Unlike T-DM1, T-DXd has a cleavable linker that when cleaved releases the cytotoxic agent in such a way that it retains membrane permeability and thus produces a bystander effect. “It can kill neighboring cells, including those that are HER2-negative. This is a key feature in treating HER2-positive breast cancer, where we know there is heterogeneity of HER2 expression within tumors themselves,” she explained.
Future Considerations and Trials
In closing, Dr. Modi advocated “using the best agents early, to give more patients a chance to experience their benefits.” This means prescribing T-DXd in the second line and moving T-DM1 to the third line. However, for patients with active brain metastases, she will still consider tucatinib in both the second and third lines.
Dr. Modi continued: “What we have yet to learn is whether T-DM1 will work after T-DXd, or even more broadly, what will work after T-DXd? The current data vacuum should not be a reason for withholding a better drug…. Future studies may show that sequence of delivery does affect survival with this potent antibody-drug conjugate.”
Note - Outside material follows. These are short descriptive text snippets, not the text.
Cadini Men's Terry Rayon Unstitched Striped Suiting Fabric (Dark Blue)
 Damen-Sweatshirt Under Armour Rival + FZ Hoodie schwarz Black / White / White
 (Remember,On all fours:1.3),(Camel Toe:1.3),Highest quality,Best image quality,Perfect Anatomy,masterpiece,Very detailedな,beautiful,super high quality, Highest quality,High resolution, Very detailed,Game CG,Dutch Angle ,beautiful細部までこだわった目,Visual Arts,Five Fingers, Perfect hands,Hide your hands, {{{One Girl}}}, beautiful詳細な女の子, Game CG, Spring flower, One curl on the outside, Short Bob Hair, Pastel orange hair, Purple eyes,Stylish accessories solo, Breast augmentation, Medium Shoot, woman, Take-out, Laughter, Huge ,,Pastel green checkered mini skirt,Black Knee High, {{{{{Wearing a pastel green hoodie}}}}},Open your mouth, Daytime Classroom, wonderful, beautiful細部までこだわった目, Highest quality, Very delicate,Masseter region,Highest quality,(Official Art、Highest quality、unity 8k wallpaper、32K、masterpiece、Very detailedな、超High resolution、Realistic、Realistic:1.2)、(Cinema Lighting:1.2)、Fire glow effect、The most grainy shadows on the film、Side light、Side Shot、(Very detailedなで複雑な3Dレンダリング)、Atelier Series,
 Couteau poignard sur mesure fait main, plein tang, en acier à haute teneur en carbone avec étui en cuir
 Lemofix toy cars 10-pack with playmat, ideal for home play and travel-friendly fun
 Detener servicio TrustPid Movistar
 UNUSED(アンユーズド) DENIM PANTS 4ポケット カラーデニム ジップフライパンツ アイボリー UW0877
DISCLOSURE: Dr. Modi has reported financial relationships (research, consultancy, and advisory) with Novartis, AstraZeneca/MedImmune, Seattle Genetics, Daiichi Sankyo, Carrick, Eli Lilly, MacroGenics, and GSK.
REFERENCES
1. Cortés J, Kim S, Chung W, et al: Trastuzumab deruxtecan (T-DXd) vs trastuzumab emtansine (T-DM1) in patients with HER2+ metastatic breast cancer: Results of the randomized phase III DESTINY-Breast03 study. ESMO Congress 2021. Abstract LBA1. Presented September 18, 2021.
2. Krop IE, Saura C, Yamashita T, et al: [Fam-] trastuzumab deruxtecan (T-DXd; DS-8201a) in subjects with HER2-positive metastatic breast cancer previously treated with T-DM1: A phase 2, multicenter, open-label study (DESTINY-Breast01). 2019 San Antonio Breast Cancer Symposium. Abstract GS1-03. Presented December 11, 2019.
3. Verma S, Miles D, Gianni L, et al: Trastuzumab emtansine for HER2-positive advanced breast cancer. N Engl J Med. 367:1783-1791, 2012.
4. Swain SM, Miles D, Kim SB, et al: Pertuzumab, trastuzumab, and docetaxel for HER2-positive metastatic breast cancer (CLEOPATRA): End-of-study results from a double-blind, randomised, placebo-controlled, phase 3 study. Lancet Oncol 21:519-530, 2020.